Lui stesso, autore a vent’anni della celebre canzone Sopra il monumento di Dante che si preparava in Firenze, scriverà più tardi due canzoni direttamente ispirate da monumenti sepolcrali di Pietro Tenerani (Sopra un basso rilievo antico sepolcrale, dove una giovane morta è rappresentata in atto di partire, accomiatandosi dai suoi e Sopra il ritratto di una bella donna scolpito nel monumento sepolcrale della medesima). Immagini e ricordi visivi di sculture e monumenti funebri sono anche nelle Operette morali, ma qui la funzione dei sepolcri di eternare la virtù e di proporla come monito ai viventi è richiamata in chiave decisamente ironica, rovesciando il canone romantico in favore di un registro schiettamente comico e fantastico. Nel Dialogo di Timandro e di Eleandro, per esempio,
Eleandro discute sarcasticamente «Circa la perfezione dell’uomo», alla quale non vuole e non può credere, e finisce con l’affermare, con grande ironia e gusto del paradosso, di voler lasciare per testamento la propria «roba ad uso che quando il genere umano sarà perfetto, se gli faccia e pronuncisi pubblicamente un panegirico tutti gli anni; e anche gli sia rizzato un tempietto all’antica, o una statua, o quello che sarà creduto a proposito». Nell’incredibile finale del Dialogo della Natura e di un Islandese, invece, il registro comico si nutre di panorami ampi e indeterminati, di elementi naturali incontrollabili e del richiamo fantastico alle sepolture dell’antico Egitto, e così l’Islandese, travolto dall’intensità del suo stesso disperato soliloquio, scompare poco a poco sepolto
nella sabbia: «un fierissimo vento, levatosi mentre che l’Islandese parlava, lo stese a terra, e sopra gli edificò un superbissimo mausoleo di sabbia: sotto il quale colui diseccato perfettamente, e divenuto una bella mummia, fu poi ritrovato da certi viaggiatori, e collocato nel museo di non so quale città di Europa».

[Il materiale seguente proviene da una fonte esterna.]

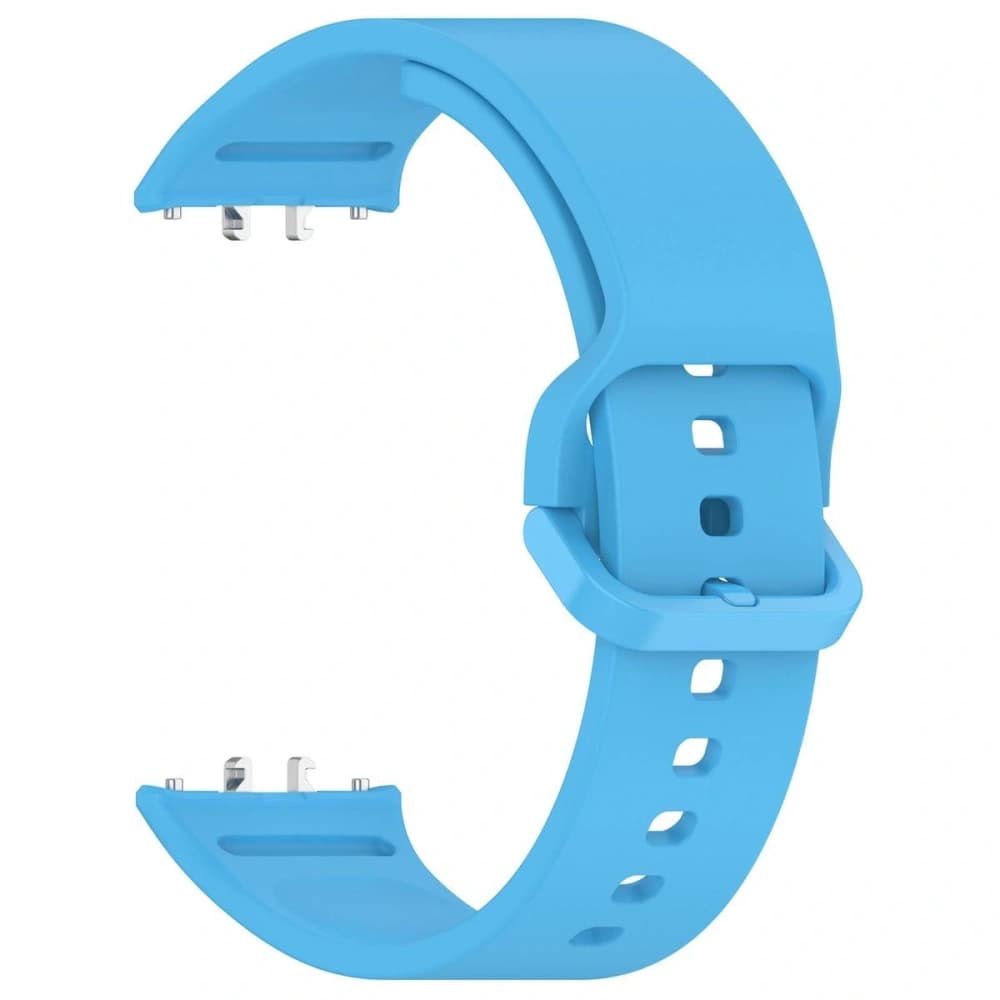 Bizon Armbanduhr Silikon Samsung Galaxy Fit 3 blau - 3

Diverso è il caso del Dialogo di Federico Ruysch e delle sue mummie, un testo indimenticabile per visionarietà, densità argomentativa e ironia. Qui Leopardi pur conoscendo esattamente, attraverso l’éloge de monsieur Ruysch di Fontenelle, il contenuto del gabinetto di curiosità del grande scienziato e imbalsamatore olandese – «si abondant e si riche, qu’ont l’eùt pris pour le Trésor d’un Soverain» – non indugia neanche un attimo sulla descrizione di quegli oggetti e di quelle mummie: niente piante rare, niente conchiglie, né rami di corallo o animali strani, niente mirabilia,ma solo voci, parole di straordinaria sostanza lirica. La scena è ridotta all’assoluto di una visione interiorizzata, un paesaggio dell’anima, allo stesso tempo macabro e sublime.

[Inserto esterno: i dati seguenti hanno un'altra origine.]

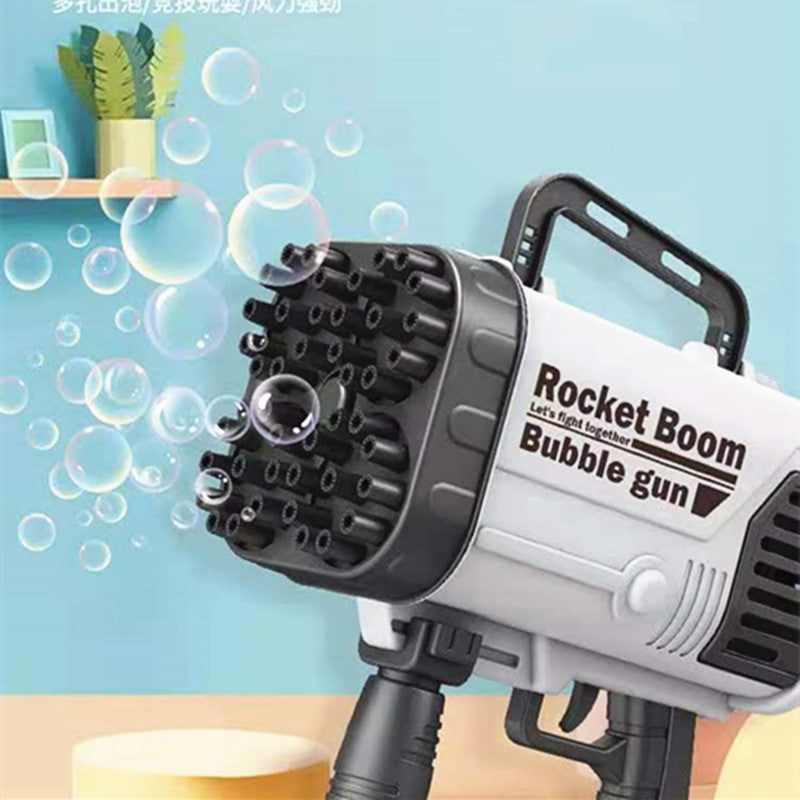 Bazooka Bubble Machine Gatling Children's 44 Holes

Sono immagini straordinarie che derivano a Leopardi dalla cultura erudita e letteraria di cui si è nutrita la sua fantasia di ragazzo, e vengono poi trasfigurate con un procedimento creativo ed emotivo descritto lucidamente negli appunti: «All’uomo sensibile e immaginoso, che viva, come io sono vissuto gran tempo, sentendo di continuo ed immaginando, il mondo e gli oggetti sono in un certo modo doppi. Egli vedrà cogli occhi una torre, una campagna; udrà cogli orecchi un suono di una campana; e nel tempo stesso coll’immaginazione vedrà un’altra torre, un’altra campagna, udrà un altro suono. In questo secondo genere di obbietti sta tutto il bello e il piacevole delle cose. Trista quella vita [... ]che non vede, non ode, non sente se non che oggetti semplici, quelli soli di cui gli occhi, gli orecchi e gli altri sentimenti ricevono la sensazione». Sono di questa seconda natura le immagini delle Operette morali: «doppie», arcaiche, immagini che rimandano a un altrove fortemente simbolico e a volte perturbante. Rapportarsi a Leopardi vuol dire provare a lasciare lo spazio perché quei paesaggi dell’anima possano ancora affiorare.